Sunday, March 02, 2014
Friday, August 01, 2008
There is an exactness, both of vision and execution, in Martha Ronk’s Vertigo that literally alters your sense of perception, as if after months or years you’d put on new glasses through which the world instantly snapped into a newer, sharper focus. She is the kind of poet who is willing to risk perfection, often I think a foolish gamble but never once so here. There are moments in this book where she comes ridiculously close to achieving just that.
In a way, it’s doubly interesting to come on Vertigo right after reading Geoffrey G. O’Brien, since Ronk also reflects some influence on the part of John Ashbery, but in her case the presence & impact is quite different – it’s as tho you’re getting to see where Ashbery’s patented logic might lead, say, a century hence. A good example might be this poem, from the first of the book’s three sections. Note that the quotation marks are part of the title itself:
“It seemed similar to choice, although in an adjacent register”
Ferns and jewelweed fanning the air too slowly for the coming shift
as if the package as yet unwrapped had already arrived
in another time zone, the desert hot and dry.
Anticipation veiled what could be seen from the window.
We remained seated for about a quarter of an hour
counting the number of trees in order to put off the inevitable,
in order to see the effect the change would have before it happened
giving up what perhaps needn’t have been given up,
selecting pain as one of the necessary elements,
not to lessen its effect, but to notice the precise moment of selection.
A poem like this is very careful in not naming whatever it might be about. The word it in fact is easily the most important term, yet only in its last – and possessive – occurrence can we even say exactly what it is. What we get instead, as with so many third-way poets – Vertigo was selected for the National Poetry Series by C.D. Wright & includes front-matter blurbs from Donald Revell & Cole Swensen – is what I sometimes think of as the new symbolism. At its best, and Vertigo certainly is that, such poetry plays on the reader’s emotions with extraordinary impact, scenes that reek of loss, ennui or despair, such as the way the desert landscape here is associated with a pain one might choose.
Yet exactly which pain is that? If I have any hesitation here, it’s the same one I have with most of the new symbolism, that it tends to occur almost entirely at the limit of naming and typically in the frame of a certain class. Where, for example, does the following poem take place?
“Whenever she speaks to him in that voice, an infrequent enough occurrence”
What’s the difference between trying to lift an arm and lifting an arm,
between desire and that other thing. I’m glad to hear you’re coming.
I am glad to hear you think you’re coming despite the fact
she does take up the entire conversation, expressive as her dress
coming off in colors near the edge of every year she’s ever been in.
Yet she talks during the entire playing of the cello piece
displacing it into what she wants us to hear and into the silence
written on her when she takes on your voice at dinner
when you’ll arrive and now she speaks out of her beautifully disjointed face,
out of her hair wet from the pond, never in the voice she came in with.

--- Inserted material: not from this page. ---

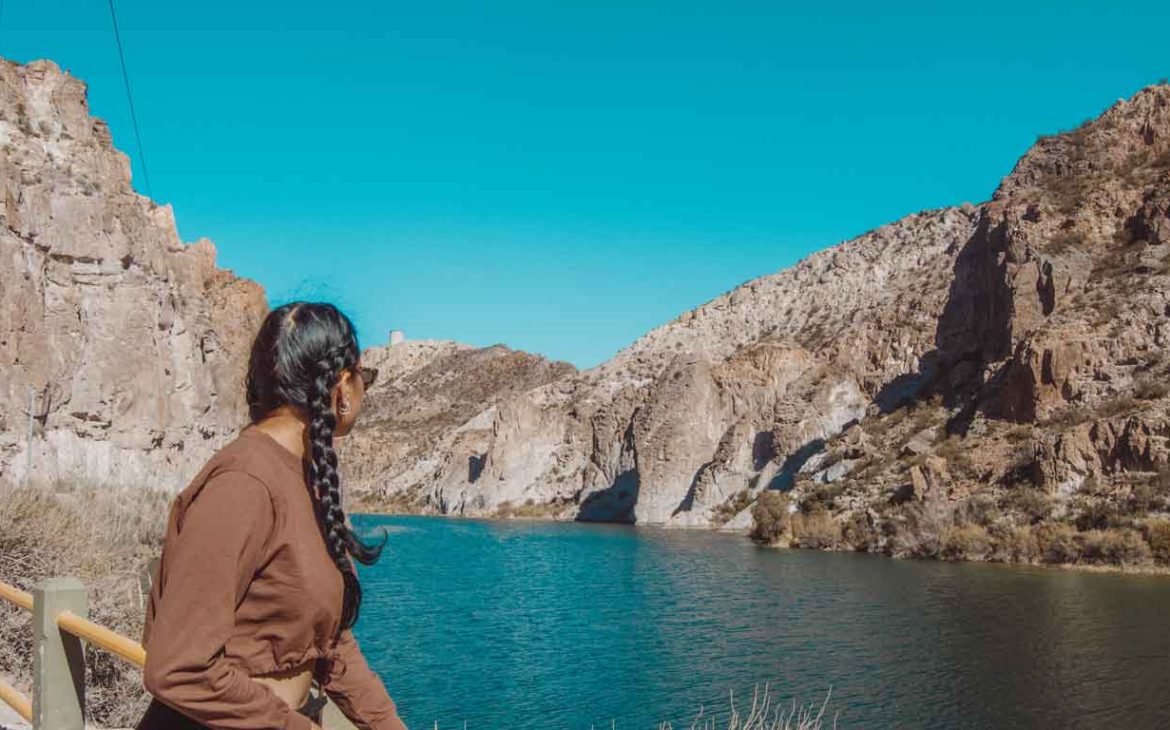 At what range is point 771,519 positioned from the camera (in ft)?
167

When he lost his hearing, he heard only the cello’s low notes
and what he heard changed his way of hearing the piece forever.

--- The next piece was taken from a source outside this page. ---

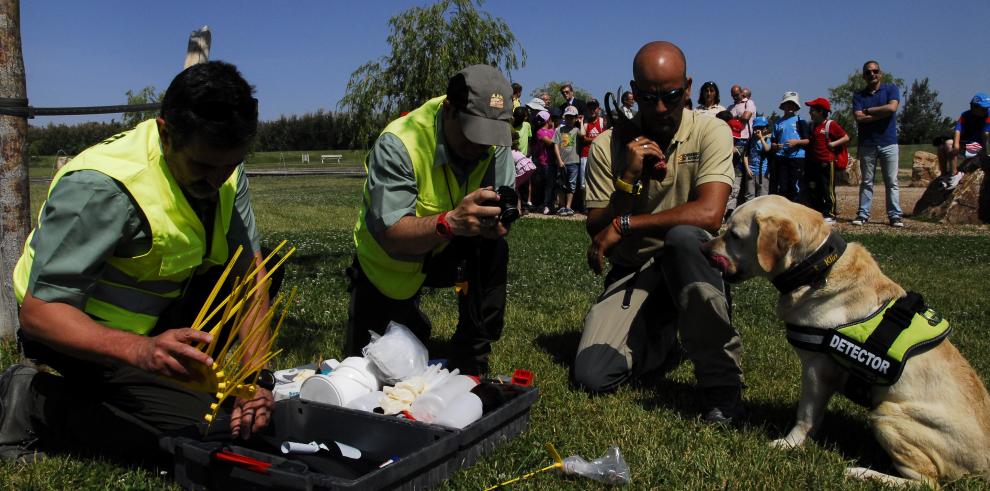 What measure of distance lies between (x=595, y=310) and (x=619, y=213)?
707mm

This poem is full of terrific small effects – the way the ear picks up the pun in coming, a word repeated three times, the ambiguous gender of you, or the far more mysterious presence of he in the final couplet, which teeters on the razor-thin border between profound & profoundly obvious.
Ronk is really good & I’m impressed by how many times in this slender book¹ she not only takes risks like that last one, but manages to pull them off. There are no false notes anywhere. She’s a poet I’ve been vaguely aware of for some time – she’s had seven earlier books, plus three chaps, over the past 18 years – but maybe I needed the nudge of C.D. Wright on this volume to get me to pay closer attention. I’ve learned over the past quarter century that C.D. is one of the smartest people in poetry, indeed one of the smartest people period. I’ve benefited from C.D.’s advice on who to read more than once, and I owe her again for making this book happen.
¹ It uses the blurbs as well as both notes & acknowledgements to puff it up above 70 pages.